Wie immer ist es auch ein Genuss, bei einer Live-Lesung den Ausführungen von Ronald Reng zu lauschen, all den Details, die er bei seiner Recherche herausgefunden hat und die sich auch im Buch wiederfinden. Oder aber seinen Einschätzungen bei den Fragen aus dem Publikum zuzuhören. So habe sich bei der Machtübernahme von Erich Honecker durchaus etwas Hoffnung im Land auf Besserung verbreitet, die in kulturellen und sportlichen Erfolgen ihren Höhepunkt fanden. Und so waren die Mannschaften aus der damaligen DDR wie zum Beispiel Dynamo Dresden durchaus in der Lage Bayern München Paroli zu bieten. Andere Details finden sich im Buch wieder, wie sie geradezu unscheinbar und umso überraschender auftauchen. Wie die DDR-Mannschaft zu Beginn der WM 1974 nicht mit dem ihr zugeordneten Bus fahren wollte, weil auf der schwarz-rot-goldenen Fahne Hammer und Sichel fehlten oder in Hamburg die Aufführung von Elfriede Neé trotz des parallelen Fußballspiels ausverkauft war.
Hauptaugenmerk liegt im Buch aber auf der deutsch-deutschen Geschichte. Als sportinteressierten Menschen, der sich bisher wenig damit befasst hat, ist mir Historisches noch nie so interessant und greifbar vermittelt worden. Es bleibt indes zu hoffen, dass sich der von Ronald Reng geäußerte Wunsch noch erfüllen wird, mit dem Buch eine jüngere Zielgruppe zu erreichen, für die die DDR so weit weg ist, wie im Garten einem Idol Günther Netzer nachzueifern, statt einem Messi oder Ronaldo oder eher einem Bellingham oder Sané.

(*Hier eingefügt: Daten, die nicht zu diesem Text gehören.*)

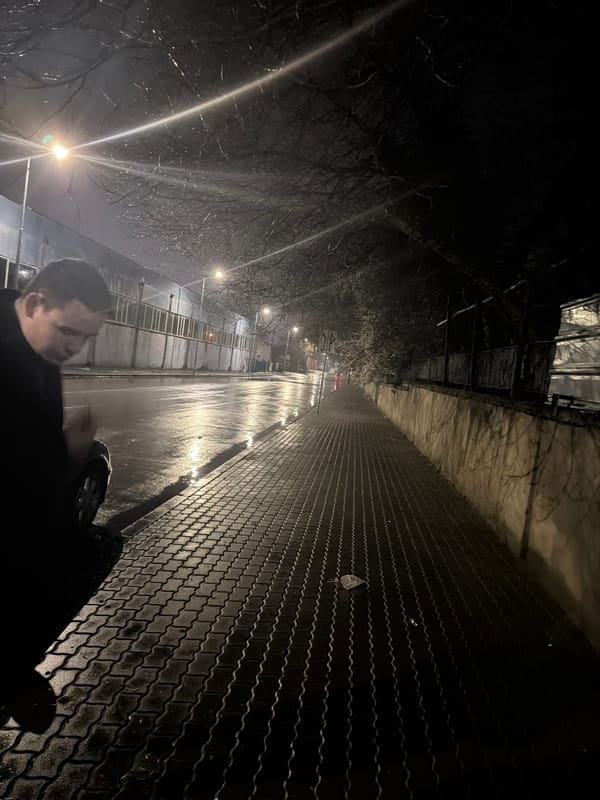 Nighttime street scene captured in Dobrich, Bulgaria
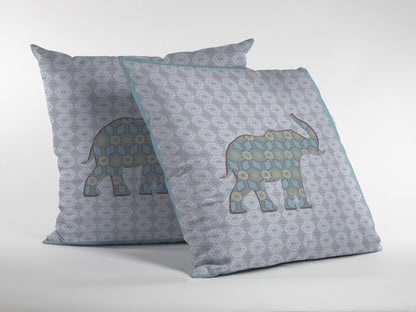 Blue Elephant Suede Pillow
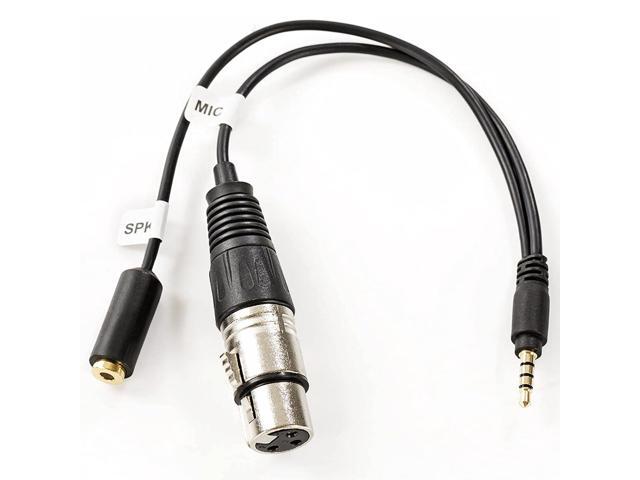 XLR Microphone to TRRS Smartphone Adapter with Headphone Jack - Compatible with iPhone and Android - XLR Female to 3.5mm Male Y Splitter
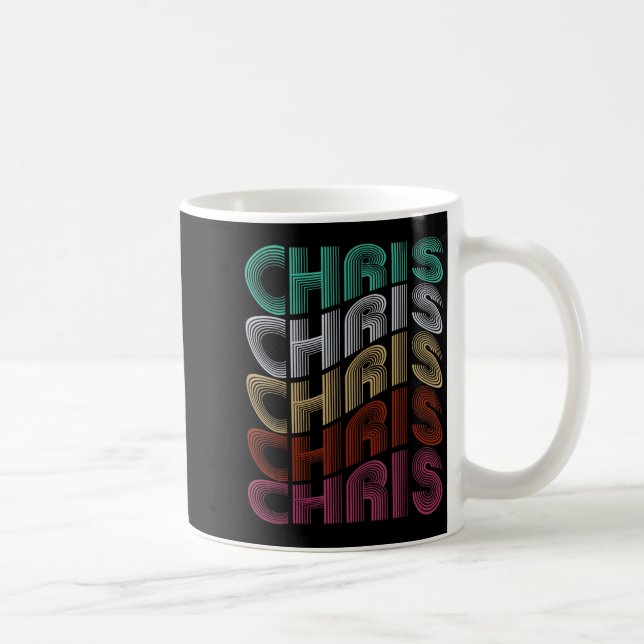 Caneca De Café Chris Groovy Nome D Eu Amo Chris Meme dos anos 70  (Direita)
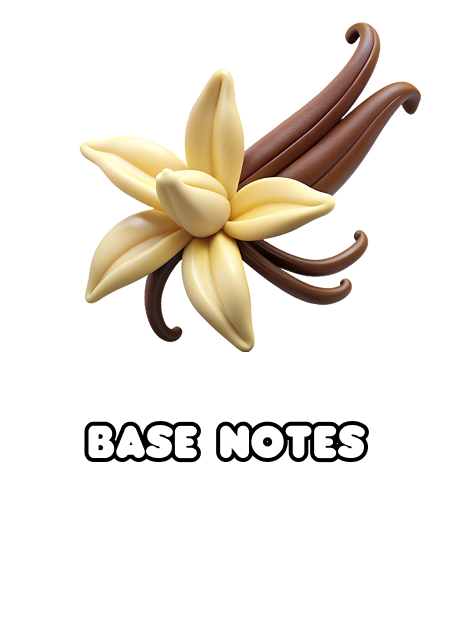 BASE NOTES Vanilla Bean Violet Petals Sweet Musks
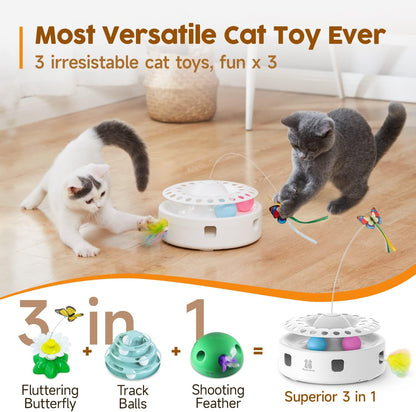 Potaroma Cat Toys 3in1 Automatic Interactive Kitten Toy, Fluttering Butterfly, Moving Feather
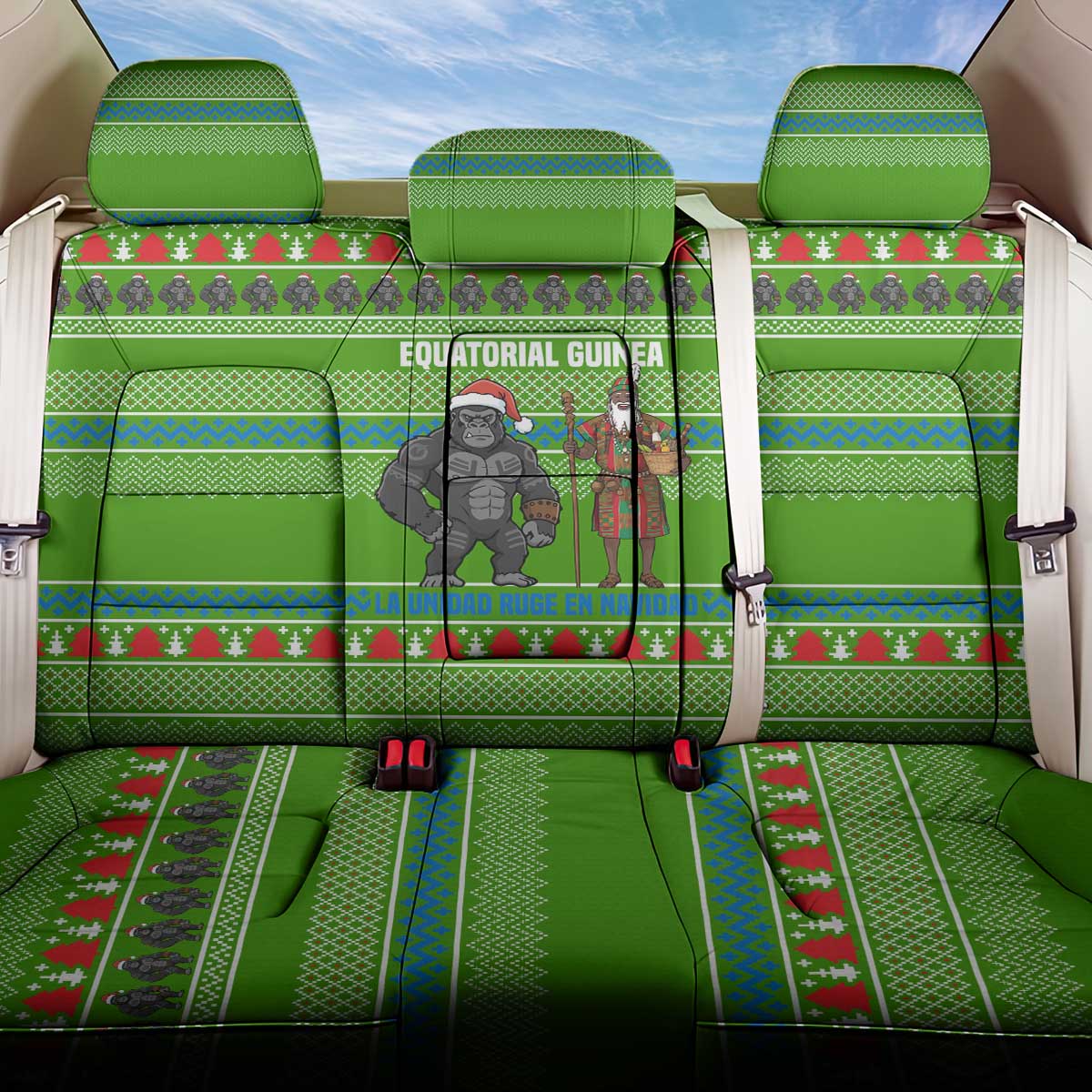 Equatorial Guinea Christmas Back Car Seat Cover Santa Gorilla Gift Basket - African Pride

Wie immer bei den Büchern von Ronald Reng sind seine Sätze so sorgfältig aufgebaut wie seine Gesprächspartner ausgewählt sind. Behutsam nähert sich das Buch einem fragilen Lebensgefühl, das zu dieser Zeit zu bestehen scheint, einer zarten Hoffnung, dass sich etwas in der DDR gerade zum Positiven wendet, während an eine Wende und die Wiedervereinigung nur wenige Bewohner zu glauben scheinen. Das deckt sich womöglich mit der fehlenden Zuversicht, dass der DDR an diesem 22. Juni 1974 die Überraschung gelingen könne und sie das Bruderduell gegen die Bundesrepublik Deutschland für sich entscheiden könne.
Dabei legt das Buch auch die Schwächen eines vermeintlich klassenlosen Systems offen, da es dieses in Reinform offenbar nicht geben kann, wie das Beispiel Gerd Kische eindrucksvoll zu zeigen vermag. Als Nationalspieler hat er Möbel in seiner Wohnung stehen, nach deren Herkunft seine Eltern nicht einmal zu fragen trauen – und fortan den Mantel des Schweigens hüllen.
Und so besitzt auch dieser Ausflug in die Geschichte eine Anknüpfung an die Gegenwart, in der mancherorts wieder die Systemfrage gestellt und ein Gegenentwurf zur Demokratie mehr als nur diskutiert wird.